Follow the Bitch (Feb. 1, 9:30pm, C3; and Feb. 3, 11pm, UA Pavilion)

The Goat Horn
Feb. 3, 1:30pm; Feb. 4, 9:15pm; UA
We certainly don't get many Bulgarian films around these parts. This melodrama by director/producer/writer Nikolai Volev starts out cheap but becomes more complex as it goes along. It's set about 100 years ago. Avenging the death of his wife, raped and murdered by Turks, a farmer turns vigilante; his cropped-haired daughter Maria, mute from having witnessed the assault, accompanies him on his missions of revenge. Not everything goes as planned. Incestuous tensions and the softening of Maria's heart complicate what might have been an ordinary rape/retribution movie. Often quite strange, but always action-packed and sometimes touching; Elena Petrova (as Maria) is certainly an unusual presence: half Harpo Marx, half Benicio del Toro. (Richard von Busack)

Herbert's Hippopotamus
Feb. 1, 12:15pm; Feb. 3, 4:30pm; both at UA
At UC-San Diego in the late 1960s, German philosopher Herbert Marcuse (One-Dimensional Man) galvanized student activists with his analysis of capitalist discontent and drove conservatives (who couldn't even agree on how to pronounce his name) to frothing rage with his unique blend of Marx and Freud. This Danish documentary traces the uproar over Marcuse during the Vietnam War protests, when everyone from the VFW to Gov. Ronald Reagan wanted the elderly professor sacked. Director Paul Alexander has assembled some fascinating period footage and interviewed many of the participants, but the film never really succeeds at explicating Marcuse's message. Overly fascinated with Southern California's "exoticness," director Paul Alexander Juutilainen doesn't seem to see that Marcuse's notion of revolution proceeding from the marginalized rather than the working class fomented some of the worst tendencies (elitism and self-absorption) of the student New Left. (Michael S. Gant)

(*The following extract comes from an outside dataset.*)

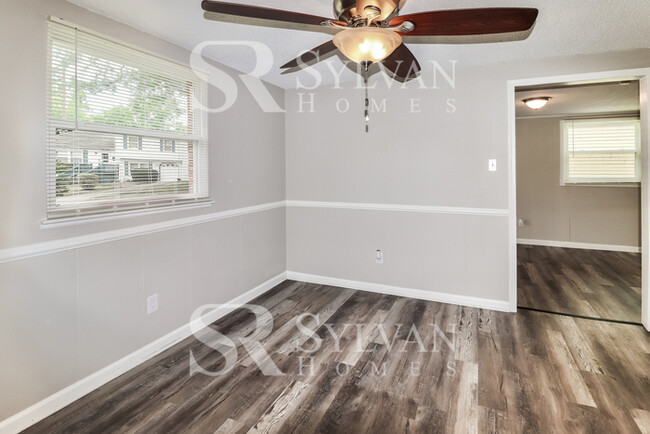 Building Photo - Charming 3BR 1.5BA Home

Jennifer Jason Leigh (Jan. 31, 7pm, UA Pavilion)
Last Exit to Brooklyn (Jan. 31, 7 p.m, UA Pavilion)
Georgia (Feb. 1, 12:30pm, UA Pavilion)
Mrs. Parker and the Vicious Circle (Feb. 2, 9:15pm, UA Pavilion)

Koyla
Feb. 1, 7pm, UA
This late addition to the Cinequest schedule just won the Golden Globe award for best foreign film.

Lost in Mississippi
Jan. 31, 5pm; Feb. 1, 2:45pm; both at UA
A loose "mondo Mississippi"-style documentary that investigates the story of a rash of prison suicides. Director Jim Chambers talks to a series of penal authorities in Mississippi--one of whom claims that a prisoner under his care killed himself to make the prison look bad. Chambers' subjects are either genuinely innocent or among the smoothest-faced liars in North America. Apart from the main story, the documentary is marred by trendy camerawork and intrusive, obvious narration--typically, when Chambers gets footage of something interesting, like an 11-year-old kid who claims to worship Satan, he'll underscore what we've just seen: "An 11-year-old devil worshipper." (Richard von Busack)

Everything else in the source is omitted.